Cameron Daddo: Pirate Master More Than Survivor on a Boat
As Pirates of the Caribbean: At World's End heats up movie screen, it's the perfect time for a pirate-based reality show, isn't it?
That's what CBS thinks, as he gets ready to premiere Pirate Master. The show's host wants everyone to know that the Mark Burnett-produced program isn't just a replica of another competition.
"I mean Survivor to me is a show about surviving... They're dumped on an island and they have to survive and they're split into two teams, whereas on this show, it is different," explained Cameron Daddo during a Tuesday conference call with reporters.
"There are 16 pirates and they live together, they work together and they sleep together. It's not divided. The only time they're divided is to go on an expedition and the expedition is for gold. Each week there is a treasure hunt for gold. And the pirate crew is divided into two separate crews - a black crew and a red crew - and they go head-to-head in an expedition for a serious amount of gold. So in that, there's an intrinsic difference right there because in Survivor there's money at the end.
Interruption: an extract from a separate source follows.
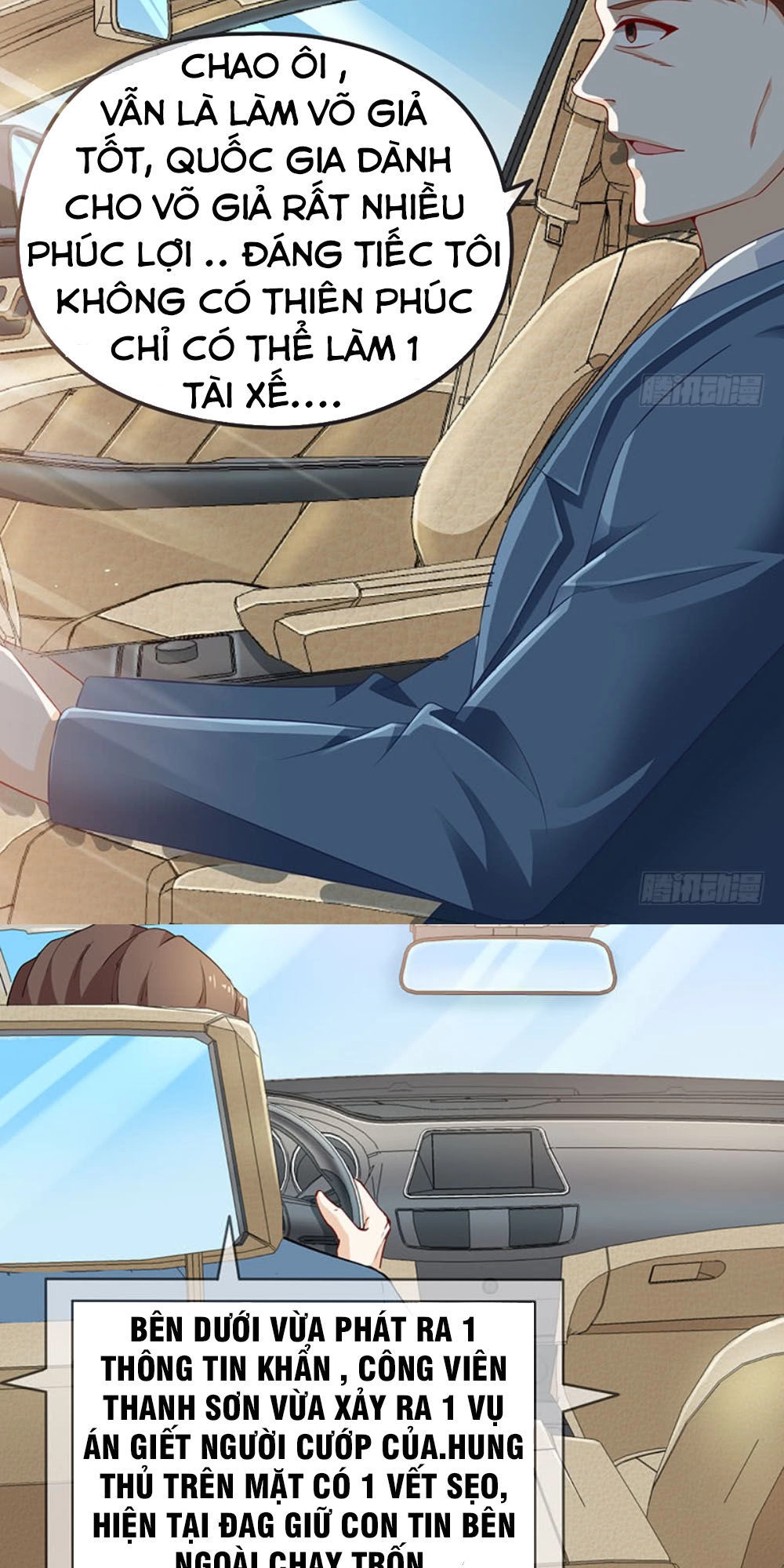 Khắc Kim Đại Lão Chapter 2 - 4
Whereas each week of Pirate Master there's money up for grabs. At the end... there's $500,000 of treasure up for grabs. But week to week there's money to be had, there's deals to be done, there's skulduggery... There's piracy."
Pirate Master will follow 16 contestants as they spend 33 days traveling around the Caribbean island nation of Dominica in search of hidden treasure that will total $1 million. When they're not busy embarking on quests to decipher various hidden treasure clues, they'll live on the 179-foot, square-rigged barque that will also serve as their main form of plundering transportation.
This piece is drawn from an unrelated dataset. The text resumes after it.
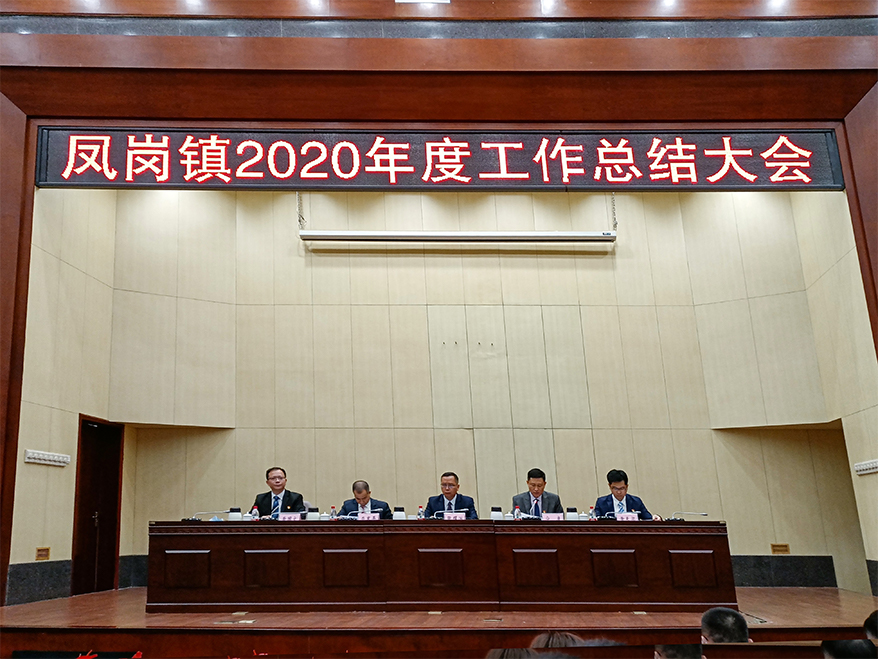 yl23455����(�й�)�ɷ����޹�˾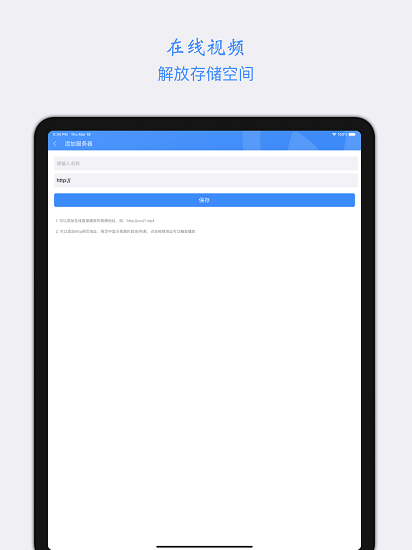 點(diǎn)盾云app v0.2.66 安卓版 1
Because this is "working ship," Daddo said there are regular duties that need to be done, such as the four-hour watch, raising the anchor, and swabbing the deck, among various other maintenance-type tasks.
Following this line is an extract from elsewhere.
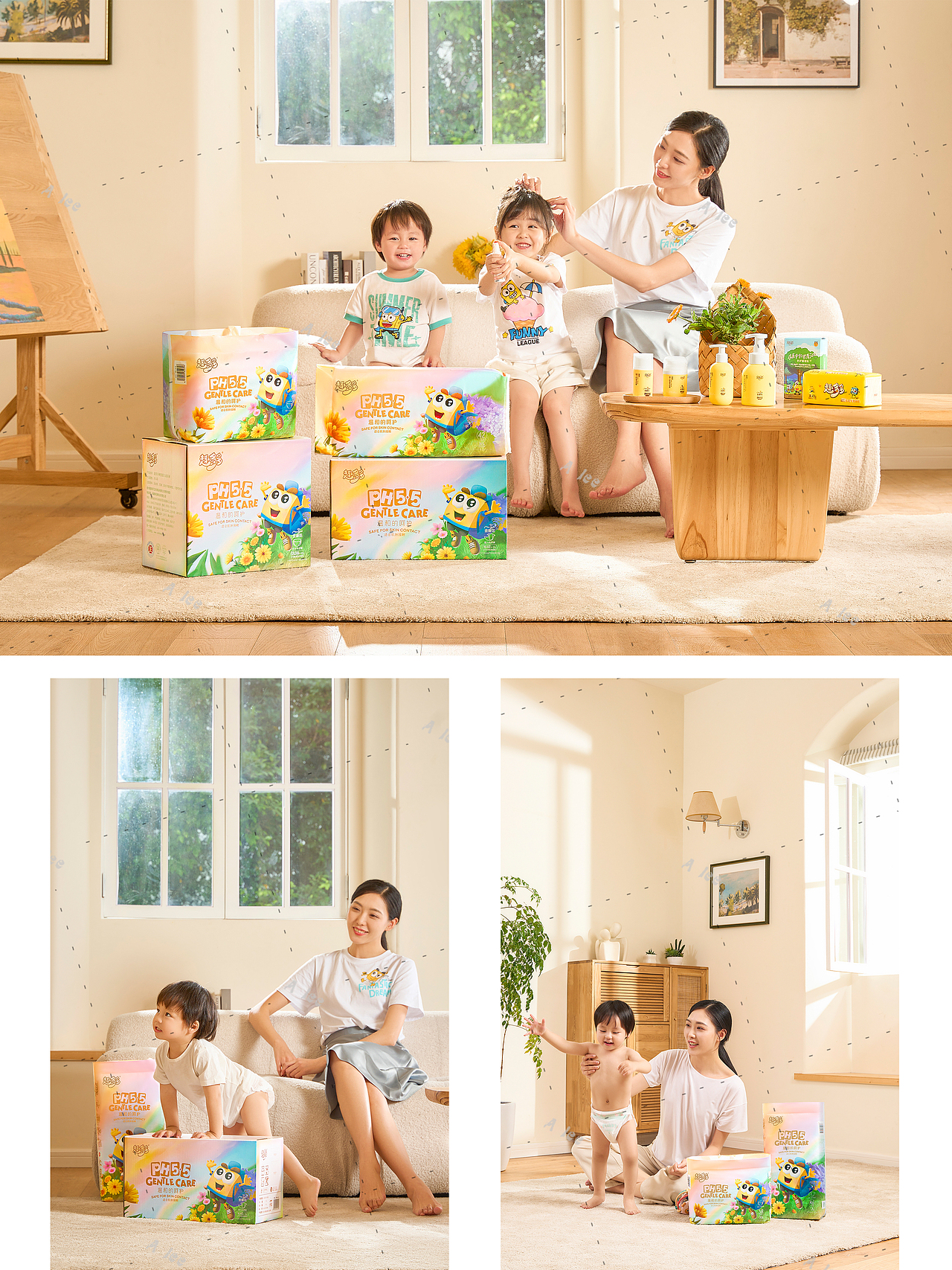 儿童洗护|模特与静物拍摄📷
One pirate will become the captain of the ship and will assign roles and chores to the remaining crew members - establishing a hierarchy that could lead to mutiny, as each episode will conclude with Pirate's Court, a Survivor Tribal Council-like event that will see one individual eliminated and "cut adrift."
Daddo said the captain and his two officers "had anything from steak and eggs to chicken and fresh fruit" to eat, while the rest of the crew chowed on gruel, stew, "and basically whatever they could conjure up for themselves."
As if that weren't demoralizing enough, he added while the crew slept end-to-end in wooden bunks built into the side of ship, the captain and his two officers slept in their own quarters with a double bed for the captain and mattresses and blankets for his officers.